● Required action: Every line from the first record below down to the line that includes "Сірий Ніссан Rogue, об'ємом" must be reproduced exactly; the pictures are not.

[Short descriptive text snippets]
══════════
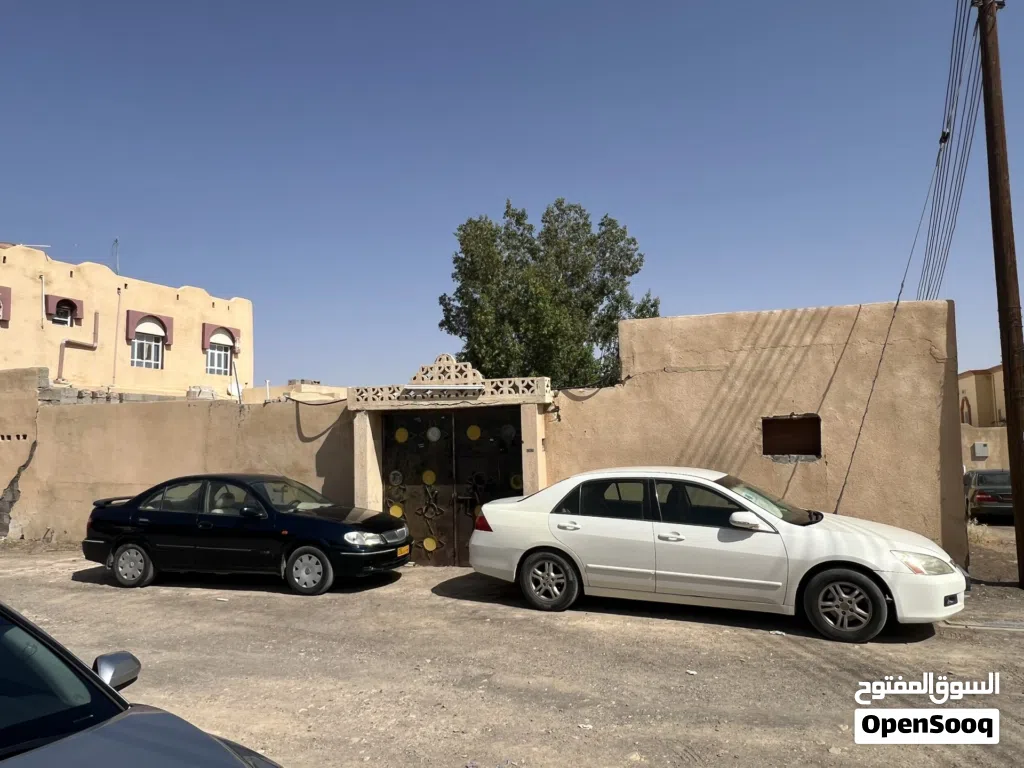 البيع منزل ف المرتفع مكان استراتيجي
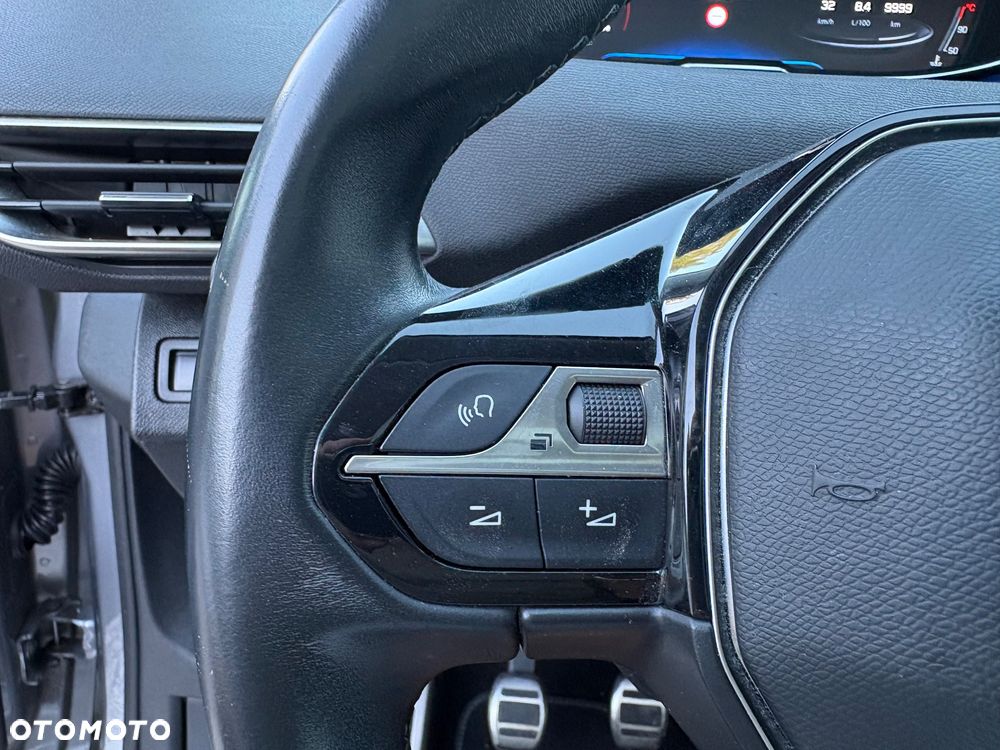 Peugeot 3008 PureTech 130 Stop & Start Crossway - 30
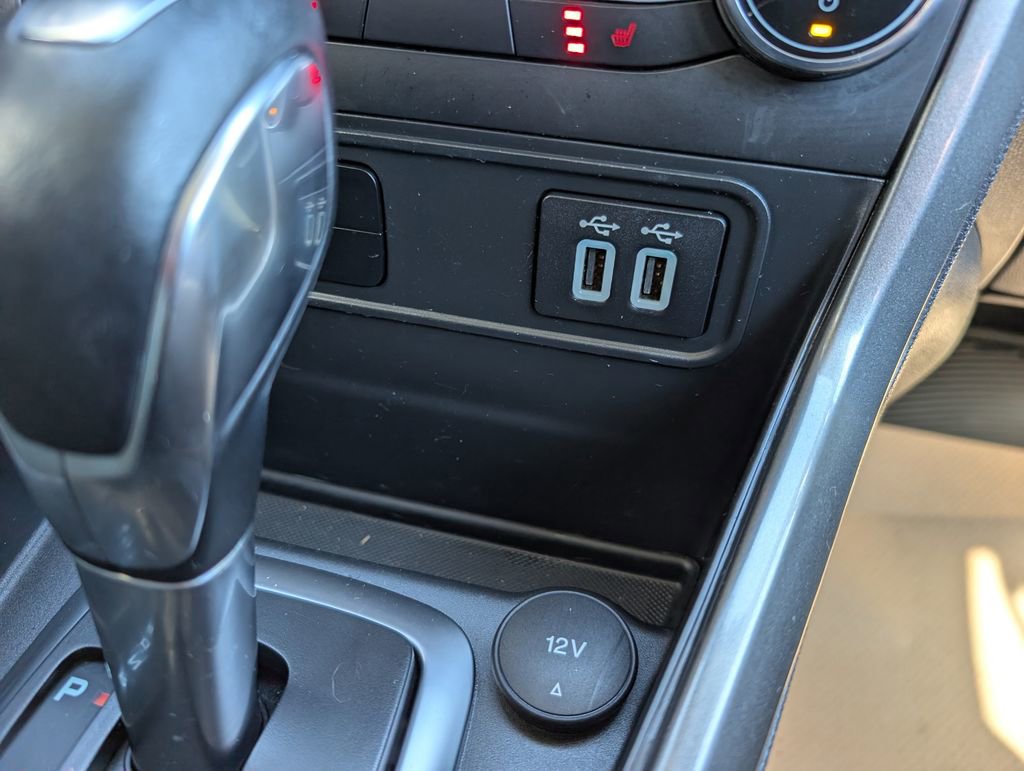 Used 2020 Ford EcoSport SE w/ SE Convenience Package image 29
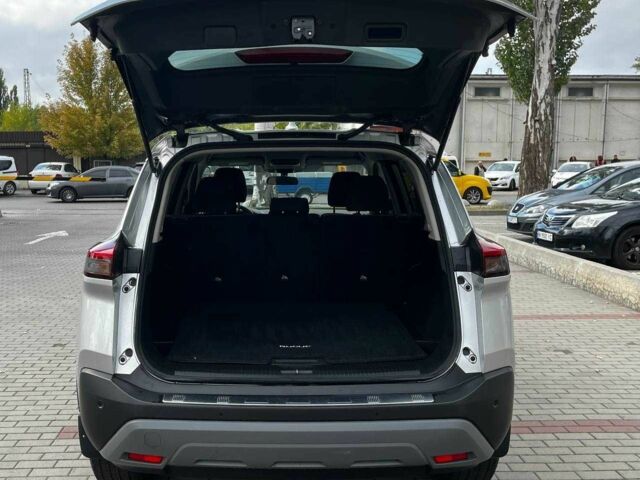 Сірий Ніссан Rogue, об'ємом двигуна 1.5 л та пробігом 449 тис. км за 22500 $, фото 17 на Automoto.ua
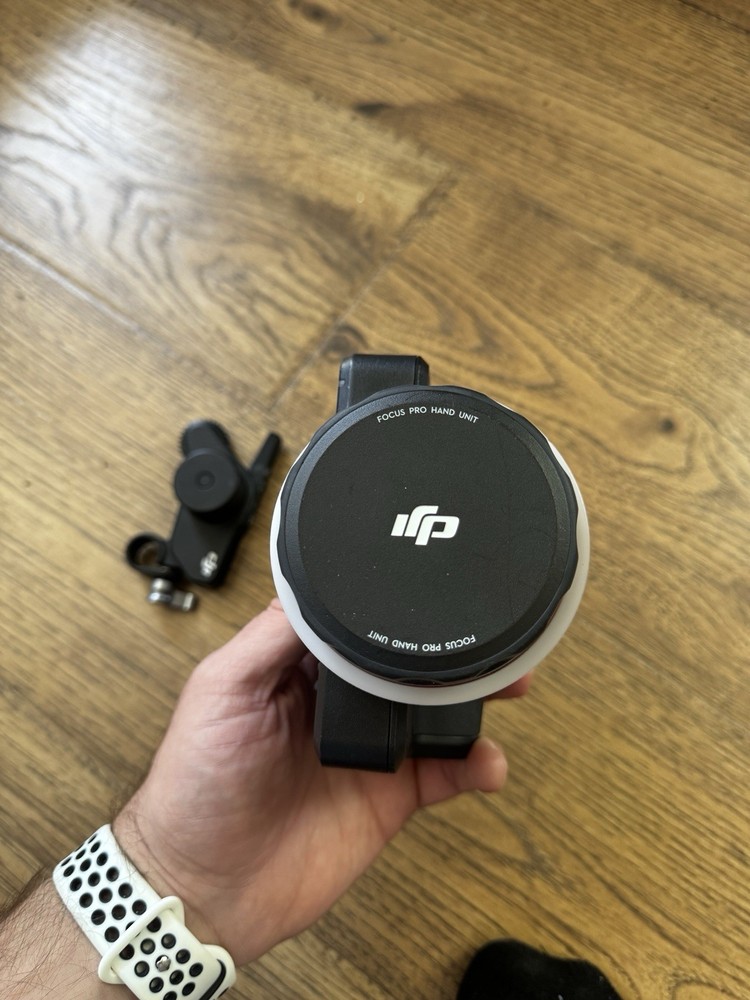 DJI Focus Pro Hand Unit + Focus Motor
══════════
● Solution to this problem:
 البيع منزل ف المرتفع مكان استراتيجي
 Peugeot 3008 PureTech 130 Stop & Start Crossway - 30
 Used 2020 Ford EcoSport SE w/ SE Convenience Package image 29
 Сірий Ніссан Rogue, об'ємом двигуна 1.5 л та пробігом 449 тис. км за 22500 $, фото 17 на Automoto.ua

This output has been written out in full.